Statuant sur renvoi, la cour d’appel de Nîmes estime que tel est bien le cas. Certes, les rémunérations que percevaient deux des actionnaires faisant partie du groupe majoritaire n’étaient pas discordantes au regard de leurs fonctions respectives de président-directeur général de la SA (environ 59 000 €) et d’administrateur et salarié de celle-ci (environ 46 000 €). Mais l’un des actionnaires, qui détenait 54 % du capital social, bénéficiait d’un avantage en nature non justifié par ses fonctions d’administrateur car il occupait sans contrepartie, à titre de logement de fonction, une villa avec piscine appartenant à la société. De son côté, le minoritaire ne retirait de la société aucun avantage autre que celui de participer à la distribution des bénéfices sociaux. Ainsi, la décision de placer les bénéfices sociaux en réserve était non seulement contraire à l’intérêt social mais aussi prise dans l’unique dessein de favoriser cet actionnaire majoritaire au détriment de l’actionnaire minoritaire. Par suite, la cour d'appel annule la décision.
A noter :
Pour qu’une décision collective soit annulée pour abus de majorité, deux critères doivent être remplis : la décision doit, d’une part, être contraire à l’intérêt social et, d’autre part, avoir été prise dans l’unique dessein de favoriser les membres de la majorité au détriment des autres associés (jurisprudence constante, notamment : Cass. com. 24-1-1995 n° 93-13.273 P : RJDA 4/95 n° 439 ; Cass. com. 30-11-2004 n° 01-16.581 D : RJDA 3/05 n° 263).

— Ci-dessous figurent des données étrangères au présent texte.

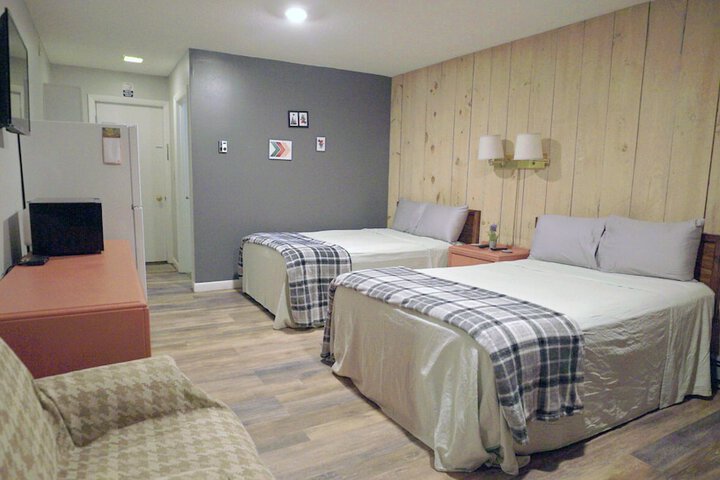 Room 2 of 17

En l’espèce, la contrariété à l’intérêt social a été retenue car la mise en réserve des bénéfices ne se trouvait justifiée ni pour faire face à un endettement ni pour réaliser un investissement mais relevait d’une politique de thésaurisation excédant la gestion prudente de la société au regard de son activité réduite à la simple gestion d’un patrimoine immobilier. C’est la recherche du second critère qui a donné lieu aux décisions successives dans cette affaire. La cour d’appel de renvoi applique ici le critère dégagé par la Cour de cassation dans son arrêt de 2023, selon lequel le fait que les actionnaires majoritaires perçoivent une rémunération pour des fonctions de direction ne confère un caractère abusif à la mise en réserve des bénéfices que si ces rémunérations sont injustifiées au regard des fonctions exercées.